Within the GI tract, CMV typically involves the esophagus
and the colon, but it can be seen in any portion from the
mouth to the anus. Diarrhea (frequently with hematochezia), fever, tenesmus, and abdominal pain are the most
common presenting symptoms. The retina should be
closely monitored for disease development in all patients
with CMV GI disease.
Diarrhea is one of the clues of disseminated MAC disease and is found in 40% of patients (usually with less
than 50 CD4 cells/mm3), usually accompanied by fever
(93%), night sweats (87%), weight loss (60%),
hepatosplenomegaly (42%), and laboratory abnormalities
such as anemia and increased alkaline phosphatase. M.
tuberculosis infection can also involve the small bowel and
ileocecal region, leading to masses, perforation, or fistulas.
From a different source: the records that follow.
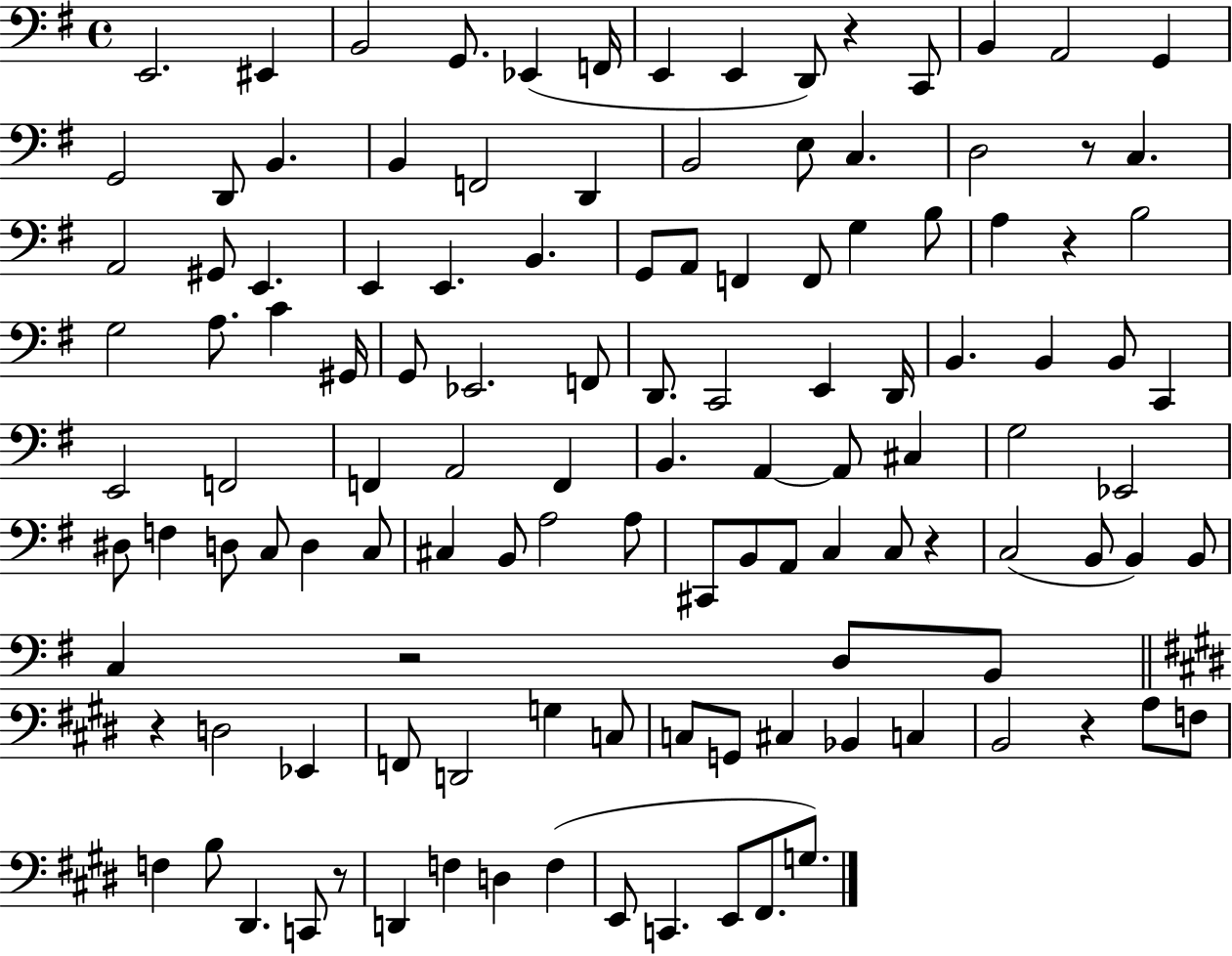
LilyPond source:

{
  \clef bass
  \time 4/4
  \defaultTimeSignature
  \key g \major
  \repeat volta 2 { e,2. eis,4 | b,2 g,8. ees,4( f,16 | e,4 e,4 d,8) r4 c,8 | b,4 a,2 g,4 | \break g,2 d,8 b,4. | b,4 f,2 d,4 | b,2 e8 c4. | d2 r8 c4. | \break a,2 gis,8 e,4. | e,4 e,4. b,4. | g,8 a,8 f,4 f,8 g4 b8 | a4 r4 b2 | \break g2 a8. c'4 gis,16 | g,8 ees,2. f,8 | d,8. c,2 e,4 d,16 | b,4. b,4 b,8 c,4 | \break e,2 f,2 | f,4 a,2 f,4 | b,4. a,4~~ a,8 cis4 | g2 ees,2 | \break dis8 f4 d8 c8 d4 c8 | cis4 b,8 a2 a8 | cis,8 b,8 a,8 c4 c8 r4 | c2( b,8 b,4) b,8 | \break c4 r2 d8 b,8 | \bar "||" \break \key e \major r4 d2 ees,4 | f,8 d,2 g4 c8 | c8 g,8 cis4 bes,4 c4 | b,2 r4 a8 f8 | \break f4 b8 dis,4. c,8 r8 | d,4 f4 d4 f4( | e,8 c,4. e,8 fis,8. g8.) | } \bar "|."
}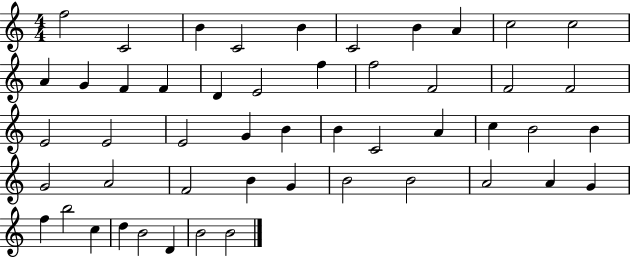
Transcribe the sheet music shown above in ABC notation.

X:1
T:Untitled
M:4/4
L:1/4
K:C
f2 C2 B C2 B C2 B A c2 c2 A G F F D E2 f f2 F2 F2 F2 E2 E2 E2 G B B C2 A c B2 B G2 A2 F2 B G B2 B2 A2 A G f b2 c d B2 D B2 B2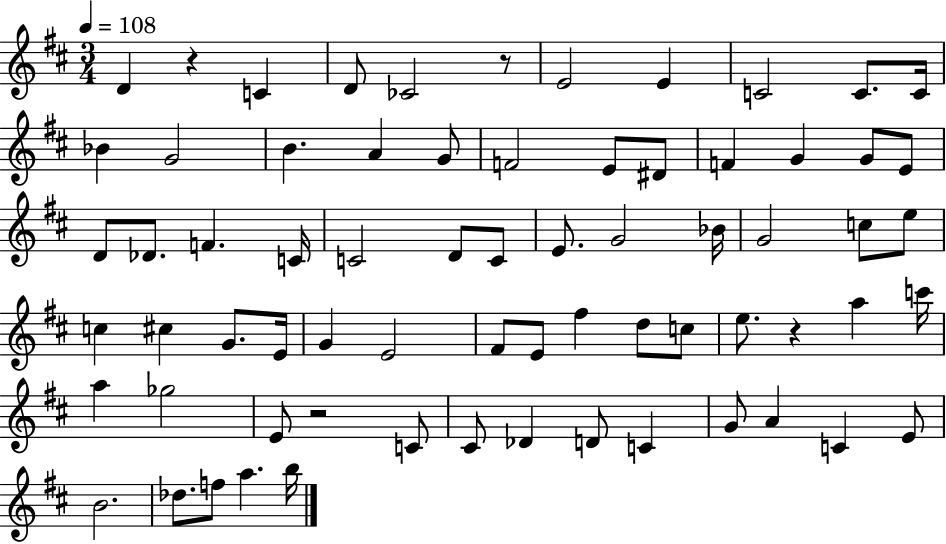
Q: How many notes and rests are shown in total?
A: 69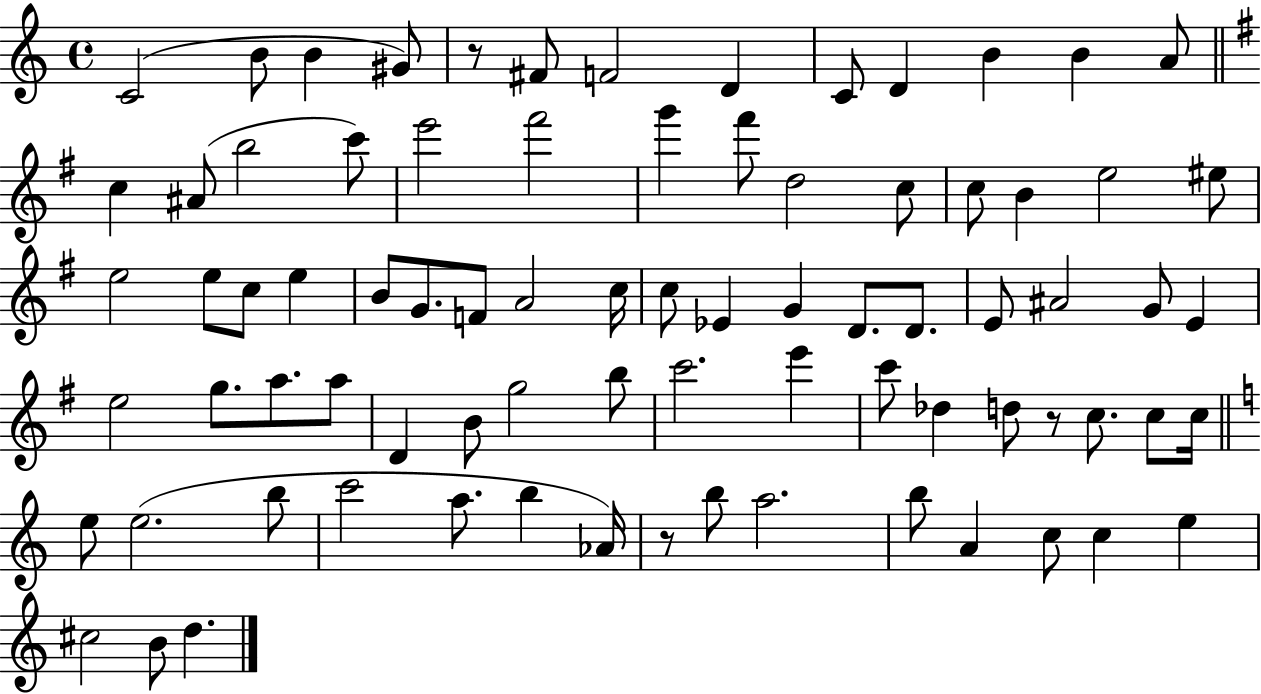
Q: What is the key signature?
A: C major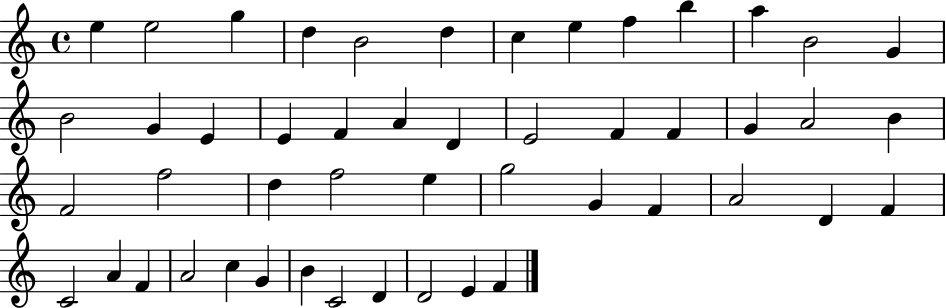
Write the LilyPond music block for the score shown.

{
  \clef treble
  \time 4/4
  \defaultTimeSignature
  \key c \major
  e''4 e''2 g''4 | d''4 b'2 d''4 | c''4 e''4 f''4 b''4 | a''4 b'2 g'4 | \break b'2 g'4 e'4 | e'4 f'4 a'4 d'4 | e'2 f'4 f'4 | g'4 a'2 b'4 | \break f'2 f''2 | d''4 f''2 e''4 | g''2 g'4 f'4 | a'2 d'4 f'4 | \break c'2 a'4 f'4 | a'2 c''4 g'4 | b'4 c'2 d'4 | d'2 e'4 f'4 | \break \bar "|."
}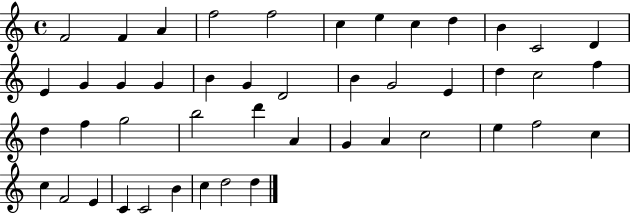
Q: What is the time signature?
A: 4/4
Clostridium difficile–associated diarrhea should also be
included in the differential diagnosis of HIV1-infected
patients with chronic diarrhea, especially in those receiving
antibiotics or with prolonged hospitalization [28]. The
clinical symptoms may be more severe in these patients
than in those who are HIV-negative. Another pathogen that
can present with diarrhea in about 50% of patients is Salmonella. Nontyphoidal salmonellosis has accounted for
35% of bloodstream isolates in HIV-infected African adults
[29], and recurrent Salmonella septicemia has been listed as
one of the AIDS-defining illnesses. Disseminated histoplasmosis occasionally presents as chronic diarrhea
because any part of the GI tract (commonly the small
bowel and right colon) is affected in 10% of patients. Diagnosis usually requires colonoscopy with visualization of
lesions, such as plaques, ulcerations, small nodules,
masses, or strictures. A positive urinary histoplasma antigen may provide support for the diagnosis.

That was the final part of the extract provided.